Aram Il’yich KHACHATURIAN (1903 - 1978)
Symphony No.2 in E minor ‘The Bell’ (1943) [48:15]
Lermontov Suite (1959) [13:59]
Dimitri Yablonsky (conductor)
Russian Philharmonic Orchestra
rec. Studio 5, Russian State TV & Radio Company, KULTURA, Moscow,18-23 November 2006
NAXOS 8.570436 [62.39]
It would not, I think, be unjust to think that the best of Khachaturian is to be found in his music for theatre and film, whether in full-length ballets, such as the immensely exciting full-length Gayane of 1942 and Spartacus of 1954, or in his incidental theatre music and film scores, such as those for Othello or The Battle of Stalingrad [Naxos 8.573389]. His great talent was not for the symphony. Symphony No.3, with its aimless meanderings for organist, is sheer bombast, and my own candidate for any competition for the worst symphony ever written.
But that should not be a reason not to buy this disc. Symphony No 2 has significant merits, especially when as well-played as here, even if not one of the greatest twentieth century Soviet era compositions. It was a wartime work, composed in the summer of 1943, while the composer was living at the Composers’ Union retreat in Ivanovo, about 150 miles from Moscow. Prokofiev and Shostakovich were also there at the same time, and some phrases in the symphony seem to echo them, though, overall, the voice is certainly Khachaturian’s. It is roughly contemporaneous with Shostakovich 8th Symphony, and while not the equal of that, provides another and sincere reaction to war. The composer himself described it as ‘… a requiem of wrath, a requiem of protest against war and violence’.

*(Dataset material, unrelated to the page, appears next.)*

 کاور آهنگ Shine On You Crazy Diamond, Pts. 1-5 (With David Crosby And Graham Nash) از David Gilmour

It is interesting to compare timings for this symphony with the composer’s own recording, with the Vienna Philharmonic available as part of a Decca double-decker set. The first two movements are not dissimilar in timing, while the composer takes two minutes longer over the third movement [14.21] compared with [12.19] here, and is noticeably slower in the final movement. Sound recording is better on the Naxos disc, and the sense of urgency and seriousness emerges well. There is sensitivity in the playing and individual strands are clear. The orchestra plays with passion. If, overall, my preference in this symphony remains with the more urgent Loris Tjeknavorian recording, with the Armenian Philharmonic Orchestra (ASV DCA 859, coupled with a suite from The Battle of Stalingrad), that is not to ignore the many felicities here. It is just that the Armenian passion of the Tjeknavorian feels more echt- Khachaturian. Some might find the more obviously middle-of the road qualities on the new recording more to their taste. In the final movement, Tjeknavorian comes in at 9.50, compared with Yablonsky’s 10.21, the composer’s 12.02, and Neemi Järvi’s stately 13.07 (Chandos Chan. 8945).

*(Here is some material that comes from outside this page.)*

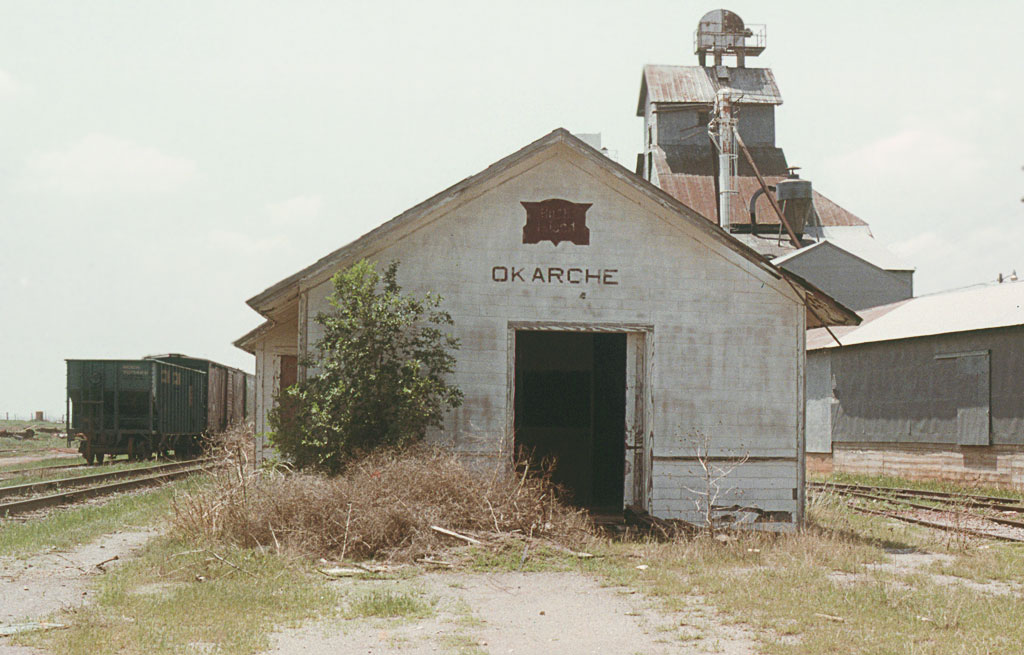 Okarche station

The pieces from the Lermontov Suite are undemanding but delightful. I particularly enjoyed the performance of the Mazurka, but all are pleasing. There is a hint of Tchaikovsky in the opening of the final Waltz, though the voice is authentically that of Khachaturian. It is a pity, given the shortish playing time overall, that at least one more excerpt could not have been included.
At Naxos prices, this is a worthwhile disc, one which will give pleasure to anyone who enjoys Khachaturian in different moods. It is baffling that it seems to have waited 10 years for release, especially given both the quality of this recording and the previous commitment of the label to the composer.